With every mark kept, transcribe all of the records.

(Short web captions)
########################################
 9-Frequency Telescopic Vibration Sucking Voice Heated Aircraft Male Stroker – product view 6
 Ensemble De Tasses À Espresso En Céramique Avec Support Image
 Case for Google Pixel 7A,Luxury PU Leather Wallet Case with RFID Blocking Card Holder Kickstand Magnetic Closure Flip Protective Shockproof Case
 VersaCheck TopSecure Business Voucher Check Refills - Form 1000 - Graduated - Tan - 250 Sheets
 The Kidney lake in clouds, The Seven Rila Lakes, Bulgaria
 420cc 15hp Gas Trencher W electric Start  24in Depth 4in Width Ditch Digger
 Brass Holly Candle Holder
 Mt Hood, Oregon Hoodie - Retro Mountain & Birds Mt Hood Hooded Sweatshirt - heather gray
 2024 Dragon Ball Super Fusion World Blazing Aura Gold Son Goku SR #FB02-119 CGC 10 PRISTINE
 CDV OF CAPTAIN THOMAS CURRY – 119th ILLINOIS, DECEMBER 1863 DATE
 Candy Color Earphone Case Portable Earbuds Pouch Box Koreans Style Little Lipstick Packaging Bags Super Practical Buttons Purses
########################################
## YOUR RESPONSE
 9-Frequency Telescopic Vibration Sucking Voice Heated Aircraft Male Stroker – product view 6
 Ensemble De Tasses À Espresso En Céramique Avec Support Image
 Case for Google Pixel 7A,Luxury PU Leather Wallet Case with RFID Blocking Card Holder Kickstand Magnetic Closure Flip Protective Shockproof Case
 VersaCheck TopSecure Business Voucher Check Refills - Form 1000 - Graduated - Tan - 250 Sheets
 The Kidney lake in clouds, The Seven Rila Lakes, Bulgaria
 420cc 15hp Gas Trencher W electric Start  24in Depth 4in Width Ditch Digger
 Brass Holly Candle Holder
 Mt Hood, Oregon Hoodie - Retro Mountain & Birds Mt Hood Hooded Sweatshirt - heather gray
 2024 Dragon Ball Super Fusion World Blazing Aura Gold Son Goku SR #FB02-119 CGC 10 PRISTINE
 CDV OF CAPTAIN THOMAS CURRY – 119th ILLINOIS, DECEMBER 1863 DATE
 Candy Color Earphone Case Portable Earbuds Pouch Box Koreans Style Little Lipstick Packaging Bags Super Practical Buttons Purses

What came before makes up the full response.